The Amazing Origins of the Anti-Bacterial Shark Skin

Despite the numerous advancements in the medical field over the years, particularly in the anti-bacterial technology and medicine section, there are still some microorganisms that can be thwarted by modern medical solutions. While bacteria, viruses, and other pathogens remain resilient today, there are still hundreds of researchers who are doing their best in stopping them from spreading diseases. One of the most advanced inventions created in the industry is Sharklet, a shark skin-like material that is supposed to be applied to wounds to prevent bacteria from entering the body. However, the inventor of this material originally made it for ships, so how did it find its way in the medical field? To know the answer, we should take a look at the amazing origins of the anti-bacterial shark skin.

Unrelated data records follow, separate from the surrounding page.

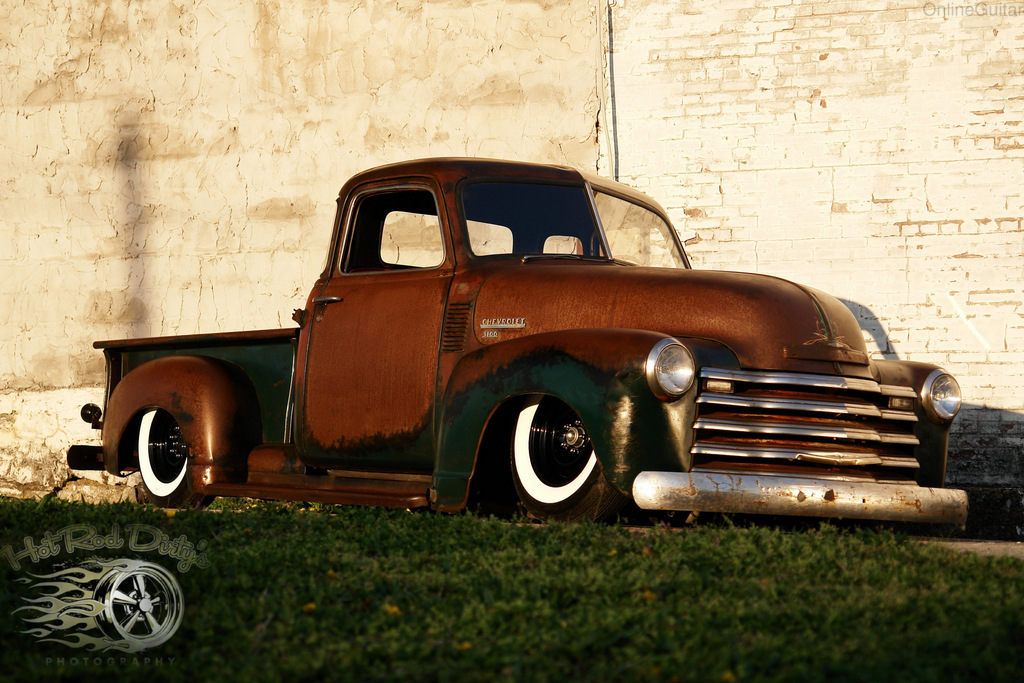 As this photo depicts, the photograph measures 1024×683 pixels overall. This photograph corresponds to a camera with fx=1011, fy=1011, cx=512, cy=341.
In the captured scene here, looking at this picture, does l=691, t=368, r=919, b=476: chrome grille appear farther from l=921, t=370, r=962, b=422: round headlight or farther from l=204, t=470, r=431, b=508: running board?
l=204, t=470, r=431, b=508: running board

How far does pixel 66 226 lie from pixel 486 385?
5999 mm

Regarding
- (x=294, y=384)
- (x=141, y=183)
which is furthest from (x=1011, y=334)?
(x=141, y=183)

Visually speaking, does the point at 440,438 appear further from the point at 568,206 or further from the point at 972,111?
the point at 972,111

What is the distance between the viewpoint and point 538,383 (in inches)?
160

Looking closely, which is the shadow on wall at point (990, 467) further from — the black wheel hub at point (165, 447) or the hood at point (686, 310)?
the black wheel hub at point (165, 447)

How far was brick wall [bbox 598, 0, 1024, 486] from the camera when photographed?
679 centimetres

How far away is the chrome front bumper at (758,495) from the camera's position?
372cm

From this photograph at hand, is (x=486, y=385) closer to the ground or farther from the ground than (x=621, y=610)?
farther from the ground

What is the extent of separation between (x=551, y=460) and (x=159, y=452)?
9.71 ft

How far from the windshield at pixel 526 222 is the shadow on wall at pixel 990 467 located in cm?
329

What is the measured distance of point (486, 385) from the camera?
428 cm

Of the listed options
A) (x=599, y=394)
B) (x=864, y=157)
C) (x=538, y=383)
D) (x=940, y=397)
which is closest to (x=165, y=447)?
(x=538, y=383)

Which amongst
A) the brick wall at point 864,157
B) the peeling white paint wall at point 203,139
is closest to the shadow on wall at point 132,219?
the peeling white paint wall at point 203,139

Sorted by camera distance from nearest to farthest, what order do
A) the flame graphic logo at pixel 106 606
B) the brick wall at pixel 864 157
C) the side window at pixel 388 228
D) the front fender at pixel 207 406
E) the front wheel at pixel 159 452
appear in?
1. the flame graphic logo at pixel 106 606
2. the side window at pixel 388 228
3. the front fender at pixel 207 406
4. the front wheel at pixel 159 452
5. the brick wall at pixel 864 157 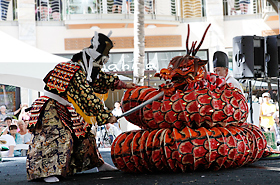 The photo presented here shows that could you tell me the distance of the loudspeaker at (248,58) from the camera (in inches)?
281

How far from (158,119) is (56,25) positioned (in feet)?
44.4

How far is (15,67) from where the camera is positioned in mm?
6770

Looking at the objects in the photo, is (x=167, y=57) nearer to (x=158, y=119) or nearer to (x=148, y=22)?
(x=148, y=22)

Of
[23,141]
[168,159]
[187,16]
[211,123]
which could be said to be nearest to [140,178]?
[168,159]

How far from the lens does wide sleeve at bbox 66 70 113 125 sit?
11.8ft

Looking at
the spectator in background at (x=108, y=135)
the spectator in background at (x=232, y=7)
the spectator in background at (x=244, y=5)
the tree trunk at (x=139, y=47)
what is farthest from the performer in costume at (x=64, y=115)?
the spectator in background at (x=244, y=5)

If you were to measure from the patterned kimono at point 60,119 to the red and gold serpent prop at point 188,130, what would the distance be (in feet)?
1.34

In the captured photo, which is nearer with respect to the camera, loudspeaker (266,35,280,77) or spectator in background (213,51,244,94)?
spectator in background (213,51,244,94)

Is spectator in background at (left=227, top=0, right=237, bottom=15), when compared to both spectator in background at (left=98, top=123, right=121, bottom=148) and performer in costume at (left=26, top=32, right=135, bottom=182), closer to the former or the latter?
spectator in background at (left=98, top=123, right=121, bottom=148)

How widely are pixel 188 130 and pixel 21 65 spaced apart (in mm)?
4210

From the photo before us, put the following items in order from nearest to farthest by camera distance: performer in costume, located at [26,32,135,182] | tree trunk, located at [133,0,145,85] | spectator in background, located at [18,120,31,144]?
performer in costume, located at [26,32,135,182] < spectator in background, located at [18,120,31,144] < tree trunk, located at [133,0,145,85]

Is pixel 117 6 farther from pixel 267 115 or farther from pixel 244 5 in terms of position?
pixel 267 115

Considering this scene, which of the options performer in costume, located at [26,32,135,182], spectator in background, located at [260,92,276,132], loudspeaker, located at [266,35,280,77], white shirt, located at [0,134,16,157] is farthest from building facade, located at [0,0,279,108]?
performer in costume, located at [26,32,135,182]

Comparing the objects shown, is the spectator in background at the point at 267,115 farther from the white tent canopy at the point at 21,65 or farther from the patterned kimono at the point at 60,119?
the patterned kimono at the point at 60,119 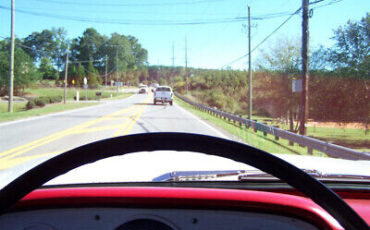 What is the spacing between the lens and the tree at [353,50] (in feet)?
43.8

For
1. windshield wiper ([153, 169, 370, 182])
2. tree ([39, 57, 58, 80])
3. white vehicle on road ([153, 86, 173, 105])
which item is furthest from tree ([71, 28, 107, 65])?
windshield wiper ([153, 169, 370, 182])

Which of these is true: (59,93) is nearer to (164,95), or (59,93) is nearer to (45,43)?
(45,43)

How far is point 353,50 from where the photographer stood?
45.9 ft

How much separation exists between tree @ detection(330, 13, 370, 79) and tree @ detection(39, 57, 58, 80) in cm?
6430

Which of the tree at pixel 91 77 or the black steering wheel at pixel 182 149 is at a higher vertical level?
the tree at pixel 91 77

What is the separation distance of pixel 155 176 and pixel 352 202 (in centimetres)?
145

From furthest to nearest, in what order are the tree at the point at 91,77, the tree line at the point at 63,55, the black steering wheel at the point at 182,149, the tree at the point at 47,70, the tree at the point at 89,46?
the tree at the point at 91,77 < the tree at the point at 89,46 < the tree at the point at 47,70 < the tree line at the point at 63,55 < the black steering wheel at the point at 182,149

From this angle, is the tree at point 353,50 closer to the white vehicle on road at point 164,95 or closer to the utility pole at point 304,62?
the utility pole at point 304,62

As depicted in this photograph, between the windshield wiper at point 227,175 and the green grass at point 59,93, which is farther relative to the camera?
the green grass at point 59,93

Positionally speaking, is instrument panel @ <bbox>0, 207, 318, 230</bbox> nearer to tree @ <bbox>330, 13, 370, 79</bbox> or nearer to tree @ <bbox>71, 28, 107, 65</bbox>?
tree @ <bbox>330, 13, 370, 79</bbox>

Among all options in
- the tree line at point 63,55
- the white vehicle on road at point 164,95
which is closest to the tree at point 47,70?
the tree line at point 63,55

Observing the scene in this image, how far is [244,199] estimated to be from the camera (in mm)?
1313

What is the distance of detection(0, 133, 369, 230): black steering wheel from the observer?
105cm

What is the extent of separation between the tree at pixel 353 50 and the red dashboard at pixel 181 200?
45.6 ft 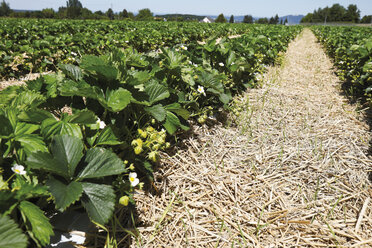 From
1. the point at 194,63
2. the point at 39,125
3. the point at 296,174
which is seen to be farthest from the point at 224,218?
the point at 194,63

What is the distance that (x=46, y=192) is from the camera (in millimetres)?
884

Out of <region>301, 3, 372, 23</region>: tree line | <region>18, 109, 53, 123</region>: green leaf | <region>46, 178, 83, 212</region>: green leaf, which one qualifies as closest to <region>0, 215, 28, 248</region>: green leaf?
<region>46, 178, 83, 212</region>: green leaf

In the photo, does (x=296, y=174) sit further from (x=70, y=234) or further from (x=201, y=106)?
(x=70, y=234)

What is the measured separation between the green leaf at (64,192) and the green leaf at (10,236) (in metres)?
0.13

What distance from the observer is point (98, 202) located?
0.98 m

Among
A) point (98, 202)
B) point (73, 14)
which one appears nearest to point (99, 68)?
point (98, 202)

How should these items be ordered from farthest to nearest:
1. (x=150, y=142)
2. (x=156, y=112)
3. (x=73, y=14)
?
(x=73, y=14) < (x=156, y=112) < (x=150, y=142)

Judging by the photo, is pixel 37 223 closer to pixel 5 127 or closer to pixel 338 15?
pixel 5 127

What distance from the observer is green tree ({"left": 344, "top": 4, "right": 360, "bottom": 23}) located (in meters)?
78.7

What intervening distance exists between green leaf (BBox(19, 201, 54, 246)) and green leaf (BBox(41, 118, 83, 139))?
1.13 ft

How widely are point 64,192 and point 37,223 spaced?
0.13 metres

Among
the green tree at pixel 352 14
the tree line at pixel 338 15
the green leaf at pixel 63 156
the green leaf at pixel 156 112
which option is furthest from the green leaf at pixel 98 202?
the green tree at pixel 352 14

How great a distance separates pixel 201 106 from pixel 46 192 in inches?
72.3

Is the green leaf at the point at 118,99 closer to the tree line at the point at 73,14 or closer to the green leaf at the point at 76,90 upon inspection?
the green leaf at the point at 76,90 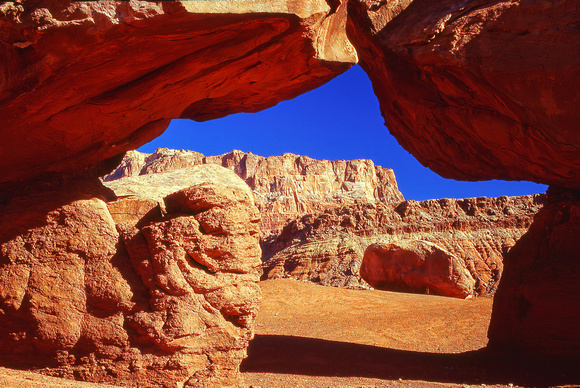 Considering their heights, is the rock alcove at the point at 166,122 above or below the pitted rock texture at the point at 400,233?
below

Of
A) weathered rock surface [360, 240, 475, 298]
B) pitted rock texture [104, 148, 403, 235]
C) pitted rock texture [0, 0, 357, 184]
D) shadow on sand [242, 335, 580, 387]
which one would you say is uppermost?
pitted rock texture [104, 148, 403, 235]

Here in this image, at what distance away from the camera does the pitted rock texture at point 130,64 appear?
4473 mm

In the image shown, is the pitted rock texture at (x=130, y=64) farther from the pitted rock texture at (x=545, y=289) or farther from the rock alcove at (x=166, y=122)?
the pitted rock texture at (x=545, y=289)

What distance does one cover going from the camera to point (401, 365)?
7984 mm

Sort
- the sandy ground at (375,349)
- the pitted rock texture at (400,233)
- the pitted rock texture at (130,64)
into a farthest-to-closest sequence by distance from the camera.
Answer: the pitted rock texture at (400,233)
the sandy ground at (375,349)
the pitted rock texture at (130,64)

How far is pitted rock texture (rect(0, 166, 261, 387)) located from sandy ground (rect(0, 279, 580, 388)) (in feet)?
1.47

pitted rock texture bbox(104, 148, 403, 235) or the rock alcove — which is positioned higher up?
pitted rock texture bbox(104, 148, 403, 235)

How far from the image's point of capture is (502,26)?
593 centimetres

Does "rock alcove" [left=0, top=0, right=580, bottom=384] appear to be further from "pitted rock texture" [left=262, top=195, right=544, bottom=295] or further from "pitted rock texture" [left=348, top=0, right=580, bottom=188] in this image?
"pitted rock texture" [left=262, top=195, right=544, bottom=295]

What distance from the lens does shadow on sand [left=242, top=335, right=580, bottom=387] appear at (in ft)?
23.2

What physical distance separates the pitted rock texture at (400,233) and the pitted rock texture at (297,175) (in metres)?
40.4

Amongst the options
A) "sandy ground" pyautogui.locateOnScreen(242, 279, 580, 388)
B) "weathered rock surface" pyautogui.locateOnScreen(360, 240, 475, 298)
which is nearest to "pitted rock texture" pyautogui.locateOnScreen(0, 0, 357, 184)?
"sandy ground" pyautogui.locateOnScreen(242, 279, 580, 388)

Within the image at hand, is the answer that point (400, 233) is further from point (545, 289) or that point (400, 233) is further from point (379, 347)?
point (545, 289)

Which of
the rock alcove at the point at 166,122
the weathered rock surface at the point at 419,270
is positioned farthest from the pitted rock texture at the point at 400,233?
the rock alcove at the point at 166,122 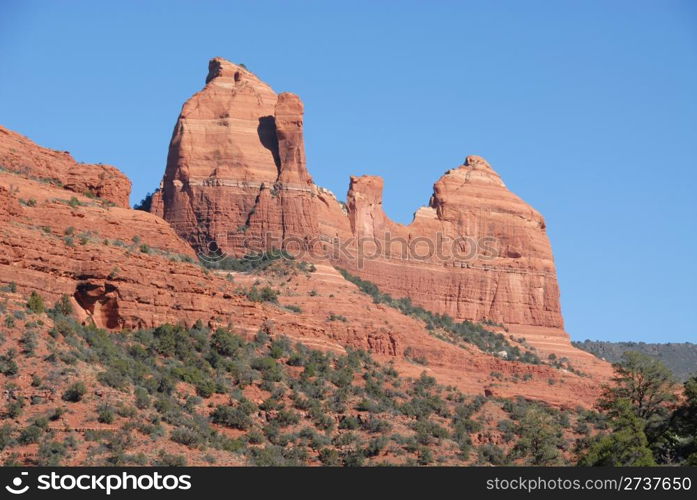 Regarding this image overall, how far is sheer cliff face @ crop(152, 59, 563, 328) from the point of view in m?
124

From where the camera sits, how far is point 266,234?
12319 cm

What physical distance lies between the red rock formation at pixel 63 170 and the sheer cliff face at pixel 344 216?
86.6ft

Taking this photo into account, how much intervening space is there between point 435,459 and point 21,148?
90.6ft

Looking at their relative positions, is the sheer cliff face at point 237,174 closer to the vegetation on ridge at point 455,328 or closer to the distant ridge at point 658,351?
the vegetation on ridge at point 455,328

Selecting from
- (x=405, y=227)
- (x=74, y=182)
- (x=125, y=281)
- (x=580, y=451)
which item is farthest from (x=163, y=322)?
(x=405, y=227)

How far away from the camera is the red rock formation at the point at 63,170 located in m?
94.3

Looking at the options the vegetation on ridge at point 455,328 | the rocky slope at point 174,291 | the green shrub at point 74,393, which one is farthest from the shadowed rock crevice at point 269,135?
the green shrub at point 74,393

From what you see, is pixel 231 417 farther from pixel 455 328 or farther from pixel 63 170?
pixel 455 328

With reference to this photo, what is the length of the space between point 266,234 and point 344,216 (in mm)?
10153

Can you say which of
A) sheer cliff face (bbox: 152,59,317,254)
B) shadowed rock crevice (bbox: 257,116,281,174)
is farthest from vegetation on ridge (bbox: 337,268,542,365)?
shadowed rock crevice (bbox: 257,116,281,174)

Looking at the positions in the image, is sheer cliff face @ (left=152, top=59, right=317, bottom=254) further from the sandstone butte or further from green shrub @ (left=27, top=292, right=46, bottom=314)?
green shrub @ (left=27, top=292, right=46, bottom=314)

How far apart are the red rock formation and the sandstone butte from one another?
8cm

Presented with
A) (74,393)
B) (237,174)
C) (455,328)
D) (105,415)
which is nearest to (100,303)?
(74,393)

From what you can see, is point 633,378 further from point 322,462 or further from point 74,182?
point 74,182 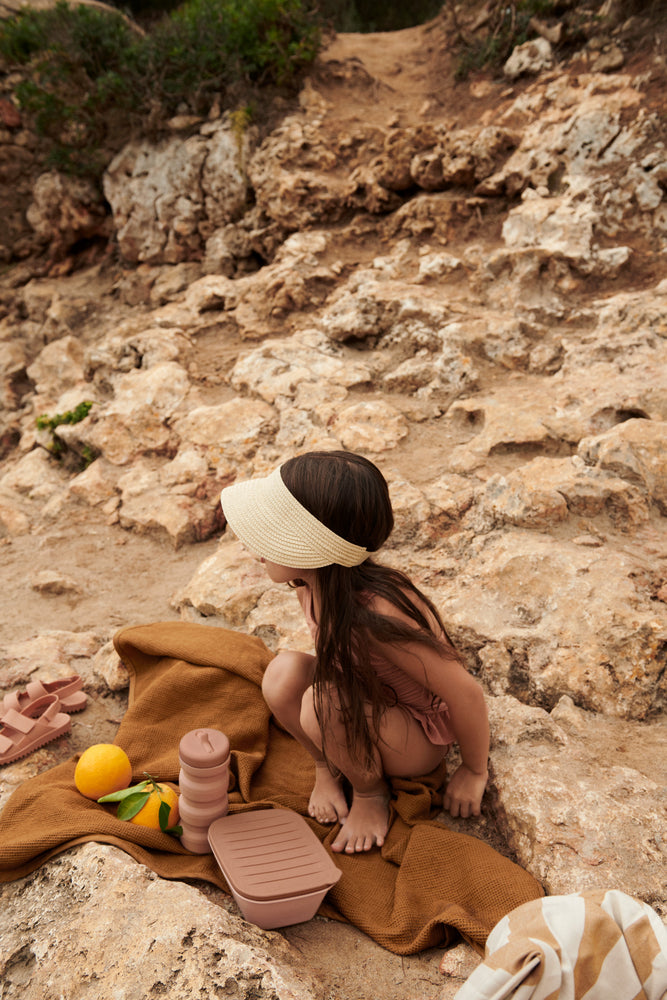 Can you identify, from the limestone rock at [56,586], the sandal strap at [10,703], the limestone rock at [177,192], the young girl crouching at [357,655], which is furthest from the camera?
the limestone rock at [177,192]

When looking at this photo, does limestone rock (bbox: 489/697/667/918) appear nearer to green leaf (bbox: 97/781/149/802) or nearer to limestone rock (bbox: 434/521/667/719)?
limestone rock (bbox: 434/521/667/719)

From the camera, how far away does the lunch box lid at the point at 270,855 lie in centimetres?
157

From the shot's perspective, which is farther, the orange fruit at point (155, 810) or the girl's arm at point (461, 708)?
the orange fruit at point (155, 810)

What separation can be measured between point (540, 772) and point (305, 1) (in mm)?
8981

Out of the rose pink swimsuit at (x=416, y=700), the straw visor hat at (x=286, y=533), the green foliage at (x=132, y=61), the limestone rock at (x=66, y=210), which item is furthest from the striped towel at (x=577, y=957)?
the limestone rock at (x=66, y=210)

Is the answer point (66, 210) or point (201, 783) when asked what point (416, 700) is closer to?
point (201, 783)

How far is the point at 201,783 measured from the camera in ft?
5.67

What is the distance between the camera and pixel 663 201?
4262mm

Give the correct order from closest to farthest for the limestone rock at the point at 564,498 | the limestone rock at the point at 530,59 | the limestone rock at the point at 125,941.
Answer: the limestone rock at the point at 125,941 < the limestone rock at the point at 564,498 < the limestone rock at the point at 530,59

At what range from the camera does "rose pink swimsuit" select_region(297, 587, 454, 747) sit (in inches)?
Answer: 72.8

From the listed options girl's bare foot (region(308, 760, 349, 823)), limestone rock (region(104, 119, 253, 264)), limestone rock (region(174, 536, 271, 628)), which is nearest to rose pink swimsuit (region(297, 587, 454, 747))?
girl's bare foot (region(308, 760, 349, 823))

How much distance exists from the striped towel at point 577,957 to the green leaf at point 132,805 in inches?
41.9

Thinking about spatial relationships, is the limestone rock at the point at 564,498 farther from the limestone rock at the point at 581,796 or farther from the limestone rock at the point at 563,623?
the limestone rock at the point at 581,796

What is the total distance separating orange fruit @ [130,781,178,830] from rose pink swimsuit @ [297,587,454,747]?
688 millimetres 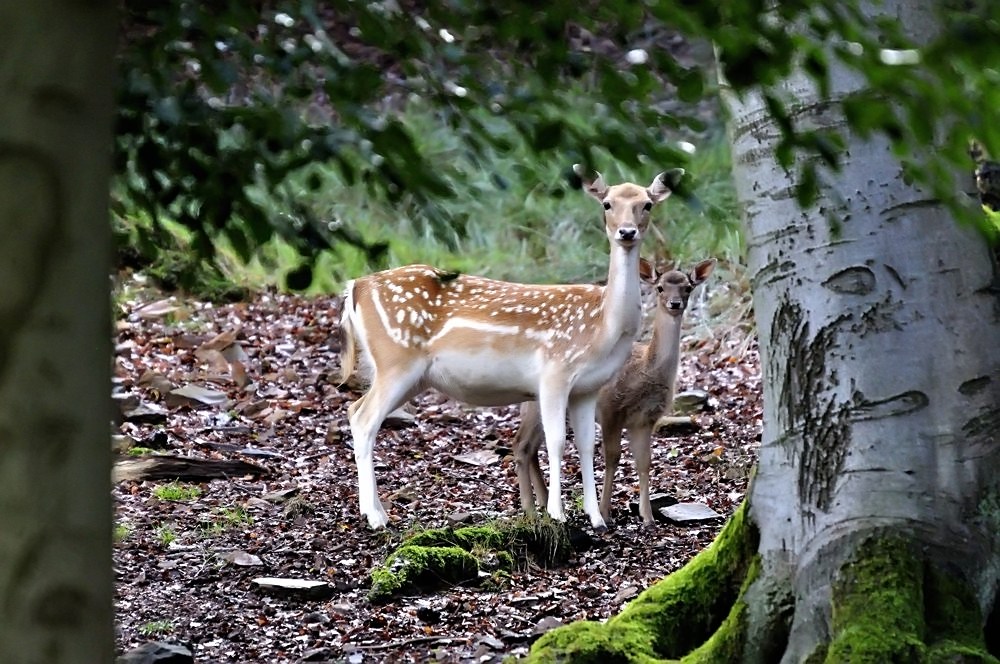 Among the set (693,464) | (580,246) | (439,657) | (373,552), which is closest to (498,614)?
(439,657)

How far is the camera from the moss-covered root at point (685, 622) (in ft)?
12.8

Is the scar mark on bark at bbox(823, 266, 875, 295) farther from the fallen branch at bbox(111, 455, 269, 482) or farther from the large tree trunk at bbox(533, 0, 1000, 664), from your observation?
the fallen branch at bbox(111, 455, 269, 482)

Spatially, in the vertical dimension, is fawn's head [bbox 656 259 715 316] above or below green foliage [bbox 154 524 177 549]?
above

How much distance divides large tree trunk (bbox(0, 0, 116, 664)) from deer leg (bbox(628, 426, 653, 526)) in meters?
4.76

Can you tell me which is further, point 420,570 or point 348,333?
point 348,333

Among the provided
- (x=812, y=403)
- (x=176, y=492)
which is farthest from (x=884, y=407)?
(x=176, y=492)

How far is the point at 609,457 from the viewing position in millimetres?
6629

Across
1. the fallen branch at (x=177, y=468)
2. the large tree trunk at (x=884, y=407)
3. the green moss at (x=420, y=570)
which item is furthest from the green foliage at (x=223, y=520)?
the large tree trunk at (x=884, y=407)

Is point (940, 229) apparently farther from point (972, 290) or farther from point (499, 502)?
point (499, 502)

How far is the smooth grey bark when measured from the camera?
3.53 meters

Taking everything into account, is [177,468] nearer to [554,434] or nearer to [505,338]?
[505,338]

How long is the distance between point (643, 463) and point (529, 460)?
21.8 inches

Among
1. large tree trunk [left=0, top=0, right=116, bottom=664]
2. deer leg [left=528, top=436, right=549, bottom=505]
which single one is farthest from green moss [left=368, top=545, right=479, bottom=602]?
large tree trunk [left=0, top=0, right=116, bottom=664]

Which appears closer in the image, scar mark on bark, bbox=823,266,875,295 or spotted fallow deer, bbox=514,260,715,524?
scar mark on bark, bbox=823,266,875,295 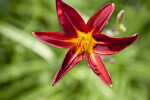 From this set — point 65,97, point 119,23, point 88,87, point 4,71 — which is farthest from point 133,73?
point 4,71

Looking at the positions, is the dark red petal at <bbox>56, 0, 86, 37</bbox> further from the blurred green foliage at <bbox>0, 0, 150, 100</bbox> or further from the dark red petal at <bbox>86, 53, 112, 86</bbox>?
the blurred green foliage at <bbox>0, 0, 150, 100</bbox>

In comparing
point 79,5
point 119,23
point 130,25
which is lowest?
point 130,25

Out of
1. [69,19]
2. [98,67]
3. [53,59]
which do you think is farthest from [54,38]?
[53,59]

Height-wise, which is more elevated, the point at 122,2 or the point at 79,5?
the point at 79,5

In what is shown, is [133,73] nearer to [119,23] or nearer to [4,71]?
[119,23]

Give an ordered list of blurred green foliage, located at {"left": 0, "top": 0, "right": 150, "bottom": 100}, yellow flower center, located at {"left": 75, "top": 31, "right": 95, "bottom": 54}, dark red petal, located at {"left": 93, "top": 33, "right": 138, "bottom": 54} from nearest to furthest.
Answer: dark red petal, located at {"left": 93, "top": 33, "right": 138, "bottom": 54} < yellow flower center, located at {"left": 75, "top": 31, "right": 95, "bottom": 54} < blurred green foliage, located at {"left": 0, "top": 0, "right": 150, "bottom": 100}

Origins of the Medical Shark Skin

Before the invention of Sharklet for boats, the material used by boat builders to combat the buildup of organisms on the wet surfaces of the vessel was copper. This material, which appears as thin sheets, would often be placed at the boat’s hull where marine life would usually stick, grow, and thrive. This process, known as copper sheathing, is said to also be effective in prolonging the lifespan of ships, particularly those that are frequently sailing. It is a known fact that saltwater can hasten the corrosion process in the metal parts of ships, but by covering those parts with copper, the corrosion would be slowed down.

In the 1850s, copper sheathing was slowly being replaced by copper sulfide as the number one marine life shielding for boats and ships. Copper sulfide appears in the form of a liquid paint, which is said to last longer. Before the copper sulfide paint became popular around the world, the US Navy first planned to sell most of their iron ships, as they believe that the maintenance for those highly-corrosive vessels would be too expensive for the government. However, thanks to their discovery of copper sulfide paint, they covered their iron ships with copper sulfide so that they won’t have to a harder time maintaining its quality and performance. Seeing the potential that copper sulfide can bring not only in the maritime industry but also in other fields, the US Navy began funding the Woods Hole Oceanographic Institution, a center that focuses on marine life research. The studies conducted by the said institution were published as a book in 1952, and today, that book serves as the inspiration behind some of the most advanced anti-bacterial inventions in the world.

Sharklet is one of those inventions that benefitted from the popularity of copper sulfide. This material, which is supposed to mimic the patterns found in a shark’s skin, was invented by Dr. Anthony Brennan, a materials science and engineering professor at the University of Florida, in 2003. According to Brennan, he came up with the idea for Sharklet when he was trying to find better methods to prevent barnacles and other organisms from sticking to ships and boats, which can further add weight to the vessels and affect its overall performance. While observing barnacles, he found out that these creatures cannot stick to the skins or denticles of sharks, and after further research into the shark skin, he realized that the distinct diamond pattern found on the skin’s surface is what disables barnacles from sticking to it. By mimicking the pattern through biomimetics, Brennan believed that he could produce a better way to prevent marine life from sticking to sea vessels.

In 2003, Brennan successfully produced the first Sharklet plastic sheet, which he demonstrated in several conventions and meetings in the same year. At the surface of the Sharklet plastic sheet is a diamond pattern that replicates the appearance of shark denticles, thus allowing it has the same anti-bacterial and anti-microorganism properties. In order to sell the plastic sheet, Brennan founded the Sharklet Technologies company in 2007.

While the Sharklet sheet was initially conceptualized to be used for ships, the invention eventually found its way into hospitals and clinics, as Brennan stated that the anti-bacterial features of the material could help doctors and hospital owners prevent infections in their workplace. Moisture-filled areas, like hospitals, clinics, kitchens, and bathrooms, are often susceptible to bacterial growth, as it is the ideal location for these pathogens to thrive. However, by applying the Sharklet plastic sheet on the walls of areas, there would be little to no space for bacteria to grow. Besides the walls, the advanced sheet can also be utilized as a material for various medical apparatuses, including central venous catheters, wound dressings, and endotracheal tubes, which are also items produced and sold by Sharklet Technologies. Today, the Sharklet plastic sheet is more abundant in hospitals than at sea, due to the fact that the invention has more applications in the medical field rather than the maritime industry.